Narrower “spot-beams” will deliver communications power to exactly where it is needed, thereby enhancing the resilience and performance of these powerful satellites in Geosynchronous Earth Orbit (GEO), about 22,600 miles (35,900 km) above the Home Planet.

File photograph of an early Wideband Global Satcom (WGS). The satellite is built upon Boeing’s tried-and-true BSS-702 “bus”, although WGS-11+ will include multiple enhancements in terms of capability. Photo Credit: Boeing

“Completing this engineering design review is a key milestone and brings us one step closer to delivering this groundbreaking satellite to the warfighter in record time, significantly improving capacity and coverage to our soldiers, sailors, airmen, Marines and allies,” said Col. John Dukes, chief of the Geosynchronous/Polar Division at Space and Missile Systems Center Production Corps.

“WGS-11+ uses narrower spot-beams to deliver a stronger, more reliable connection exactly where it’s needed,” added Troy Dawson, vice president of Boeing Government Satellite Systems, “which means better performance and greater flexibility than ever before.”

Video Credit: Jeff Seibert/AmericaSpace

The original “Block 1” members of the WGS fleet, numbered WGS-1, 2 and 3, were launched between October 2007 and December 2009 to provide complete strategic coverage of the Pacific and Atlantic Oceans and support U.S. Central Command in Afghanistan, Iraq and western Asia.

This was followed by the “Block 2” fleet of WGS-4, 5 and 6, launched between January 2012 and August 2013, by which time Boeing was already working on a $182 million contract to develop four “follow-on” satellites, the first of which (WGS-7) rose safely into orbit in July 2015.

Payload fairing mission decal for the WGS-6 mission, launched in August 2013. Photo Credit: ULA

Two more Block 2 follow-ons were launched in December 2016 and March 2017, with WGS-10 closing out the ten-strong network in March of last year.
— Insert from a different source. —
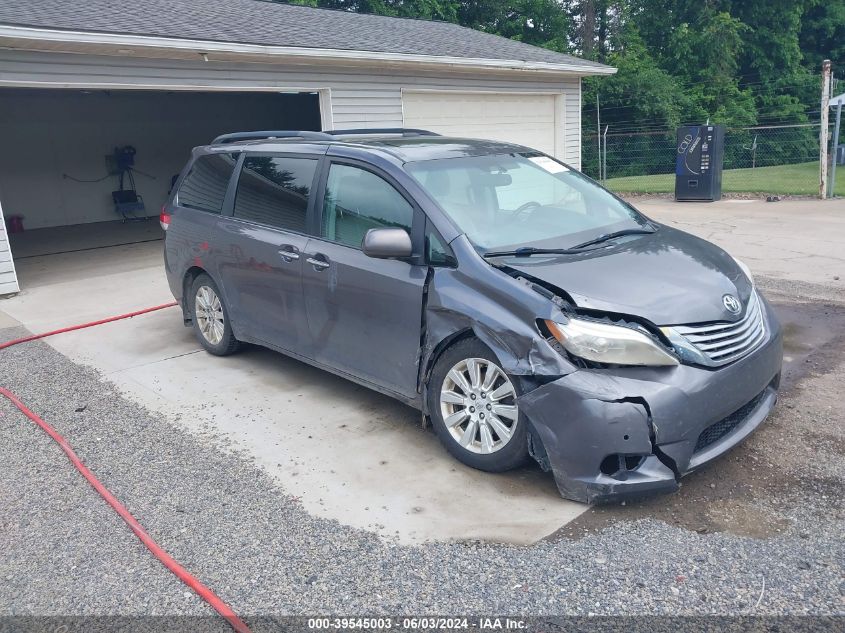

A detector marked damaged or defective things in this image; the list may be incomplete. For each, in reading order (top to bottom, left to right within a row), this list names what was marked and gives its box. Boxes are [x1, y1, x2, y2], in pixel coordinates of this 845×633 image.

damaged gray minivan [162, 130, 780, 504]
cracked headlight [548, 316, 680, 366]
crushed front bumper [516, 302, 780, 504]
The fleet is operated by the Space and Missile Systems Center (SMC) at Los Angeles Air Force Base, Calif.

Each satellite is based on Boeing’s BSS-702 “bus”, with a reported mass of around 13,200 pounds (6,000 kg) and the capability to provide more than 11 kilowatts of electrical power at the end of its 14-year operational lifetime. The WGS network has evolved considerably through its three phases, with enhanced levels of instantaneous switchable bandwidth and broader capacity for tactical users, as well as switchable radio frequency bypass functionality to support the transmission of ultra-high bandwidth airborne intelligence, surveillance and reconnaissance imagery via unmanned aerial vehicles.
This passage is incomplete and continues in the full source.